Material shown:
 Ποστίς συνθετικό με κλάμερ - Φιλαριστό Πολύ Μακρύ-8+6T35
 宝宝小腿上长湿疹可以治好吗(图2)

==

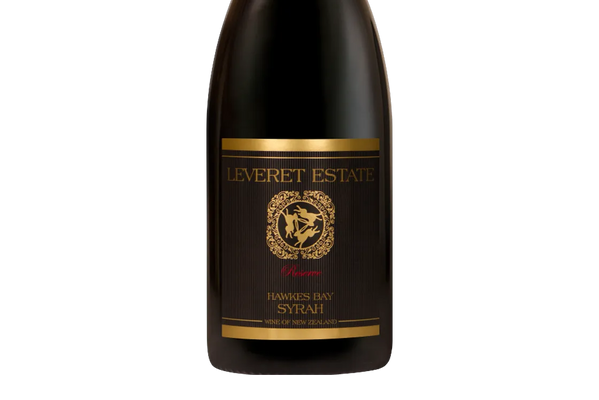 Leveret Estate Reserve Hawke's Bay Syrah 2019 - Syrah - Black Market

* * *

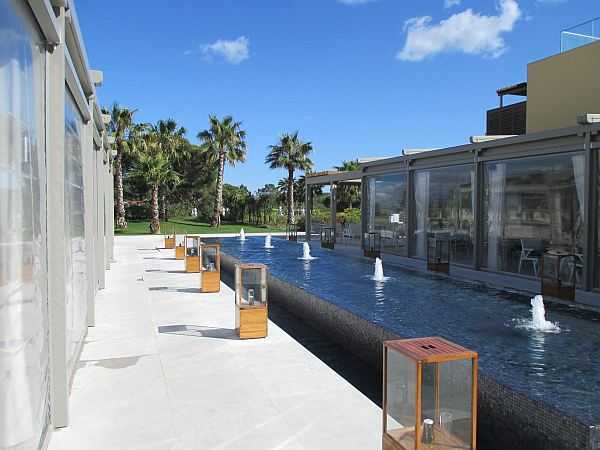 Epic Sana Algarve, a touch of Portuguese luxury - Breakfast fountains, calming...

Brief: Print, without alteration, only the lines above between the one holding "Ποστίς συνθετικό με" and the one holding "宝宝小腿上长湿疹可以治好吗(图2)", inclusive.

Result of the task:
 Ποστίς συνθετικό με κλάμερ - Φιλαριστό Πολύ Μακρύ-8+6T35
 宝宝小腿上长湿疹可以治好吗(图2)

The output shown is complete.